*** Begin section ***
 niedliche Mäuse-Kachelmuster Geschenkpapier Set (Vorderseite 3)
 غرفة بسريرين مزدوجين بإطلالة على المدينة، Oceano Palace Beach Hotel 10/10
*** End section ***
*** Begin section ***
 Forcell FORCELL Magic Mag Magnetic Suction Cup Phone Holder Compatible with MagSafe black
*** End section ***
About this exercise:
With the first line being the one containing "niedliche Mäuse-Kachelmuster Geschenkpapier" and the last line the one containing "غرفة بسريرين مزدوجين", transcribe exactly the lines above that fall in that range.

Response to the exercise:
 niedliche Mäuse-Kachelmuster Geschenkpapier Set (Vorderseite 3)
 غرفة بسريرين مزدوجين بإطلالة على المدينة، Oceano Palace Beach Hotel 10/10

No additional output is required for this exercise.